◆ TASK OBJECTIVE
Return exactly the lines from the "Thiên Ma Thần" line through the last line of the entries below. Include no pictures.

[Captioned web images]
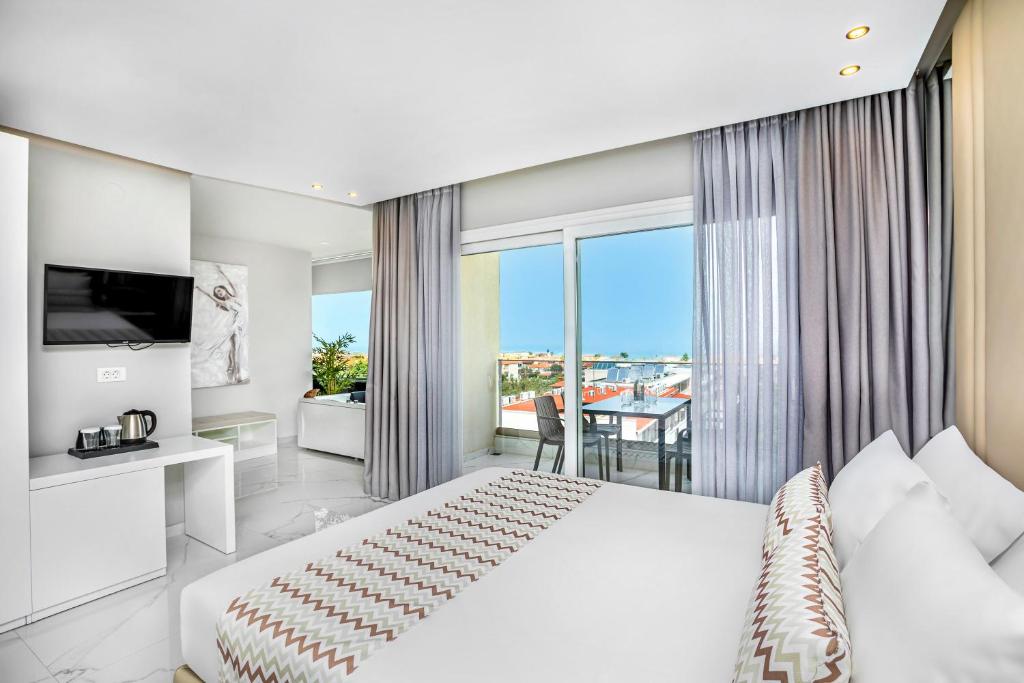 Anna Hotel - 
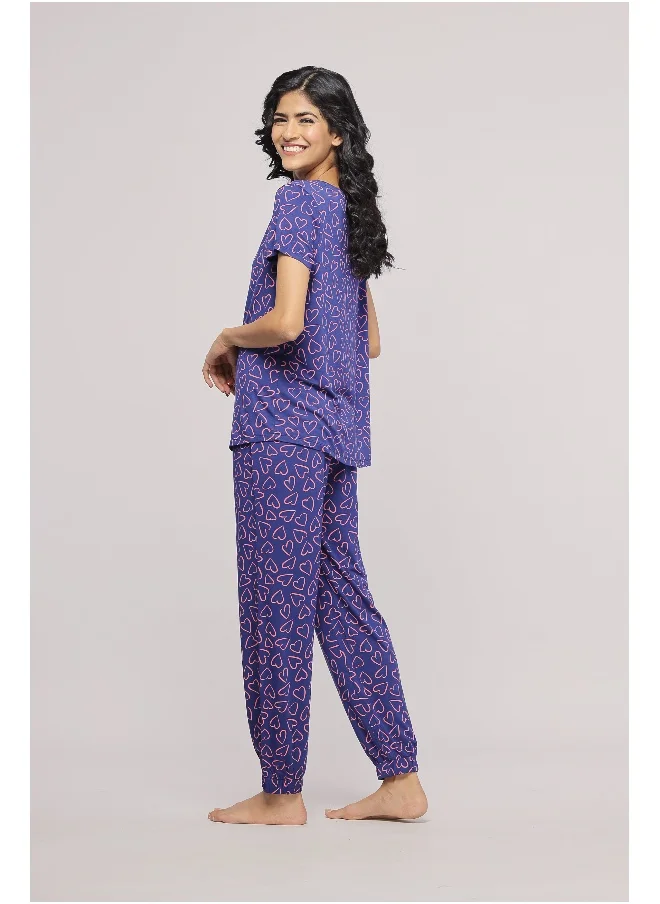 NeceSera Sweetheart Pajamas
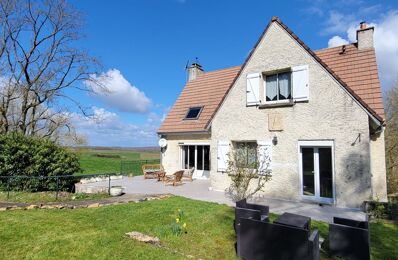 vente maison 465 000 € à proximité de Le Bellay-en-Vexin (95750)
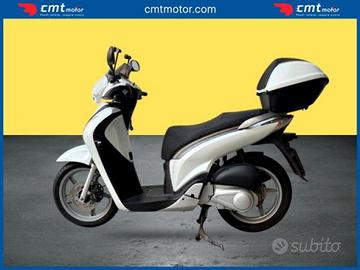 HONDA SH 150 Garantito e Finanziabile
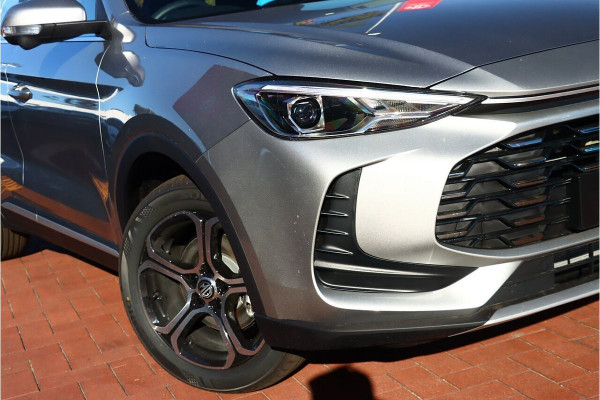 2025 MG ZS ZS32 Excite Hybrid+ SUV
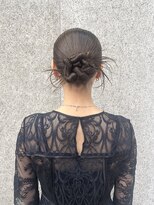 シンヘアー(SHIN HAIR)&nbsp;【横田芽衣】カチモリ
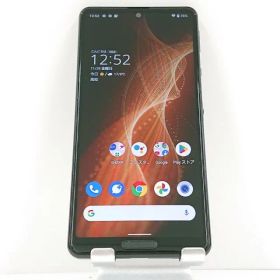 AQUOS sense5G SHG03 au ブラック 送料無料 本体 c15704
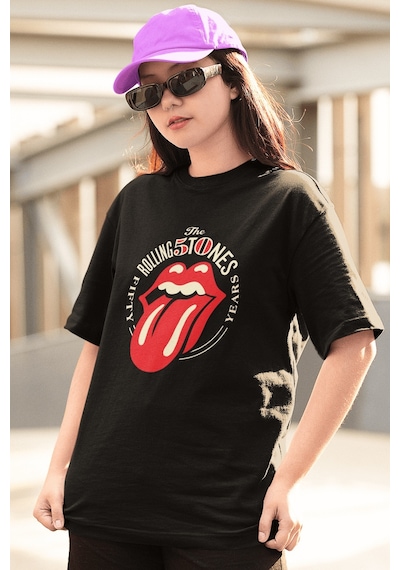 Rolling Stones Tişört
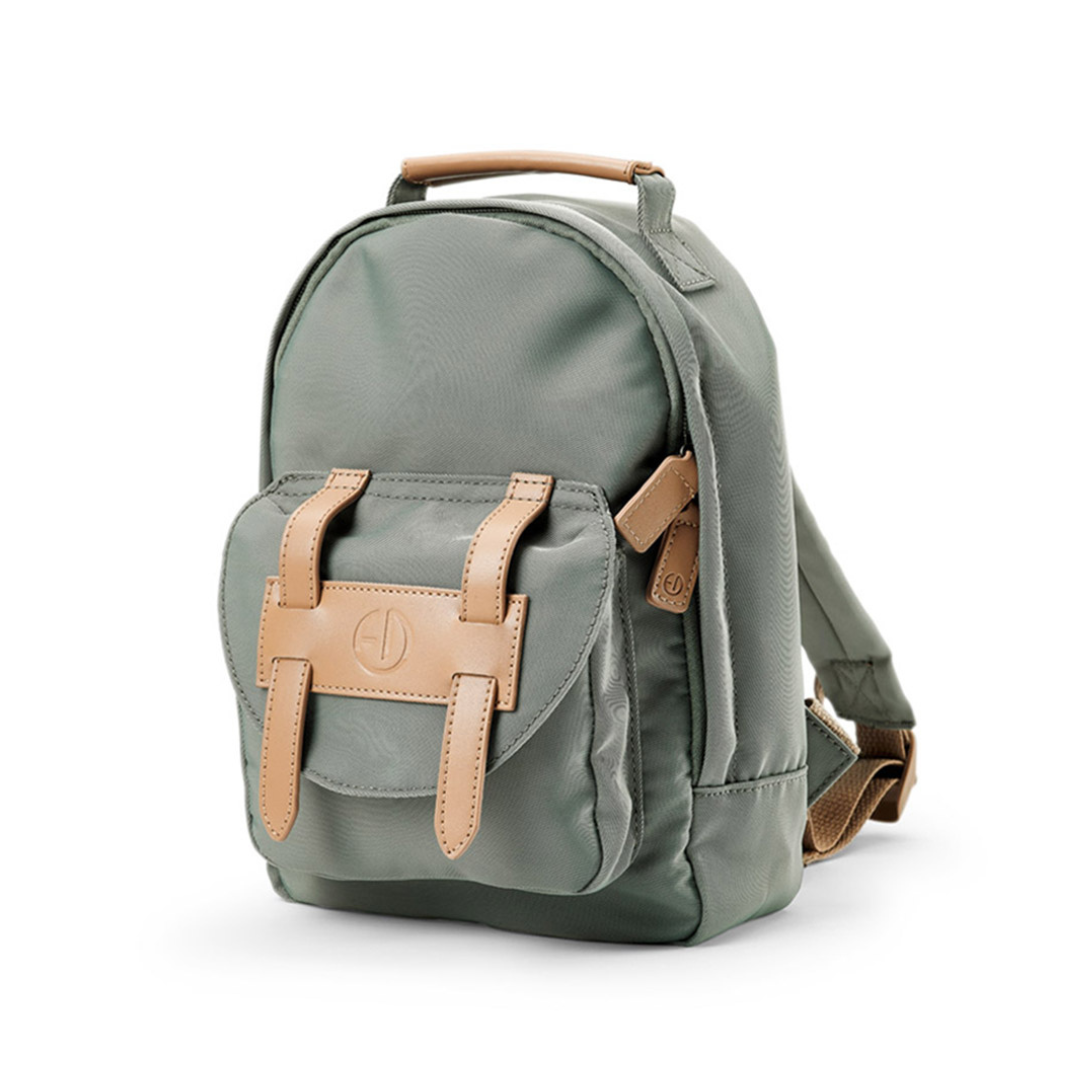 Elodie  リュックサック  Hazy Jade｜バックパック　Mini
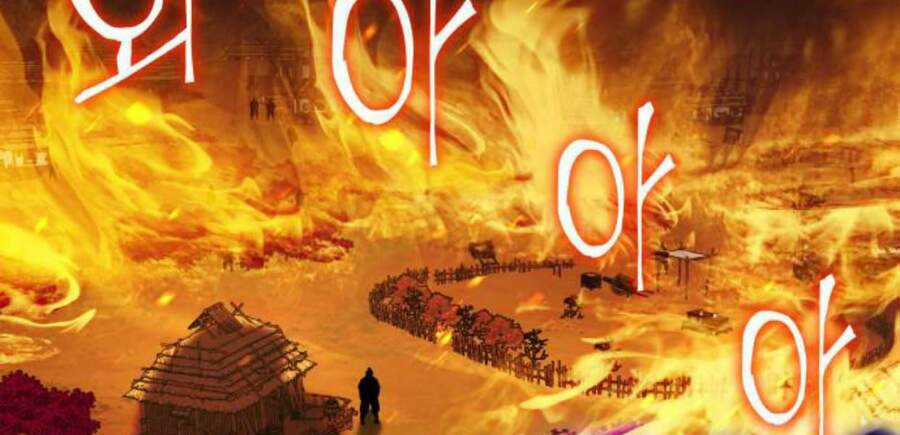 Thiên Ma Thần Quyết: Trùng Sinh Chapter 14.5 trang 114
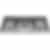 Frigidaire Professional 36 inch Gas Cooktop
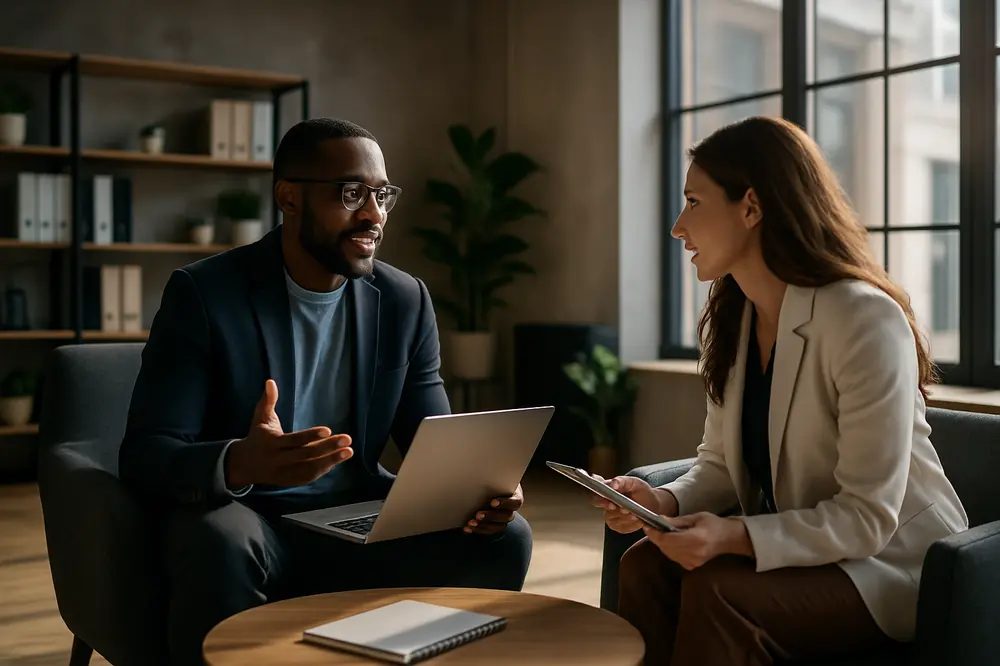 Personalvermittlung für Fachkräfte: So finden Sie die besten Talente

◆ ANSWER TO THE EXERCISE
 Thiên Ma Thần Quyết: Trùng Sinh Chapter 14.5 trang 114
 Frigidaire Professional 36 inch Gas Cooktop
 Personalvermittlung für Fachkräfte: So finden Sie die besten Talente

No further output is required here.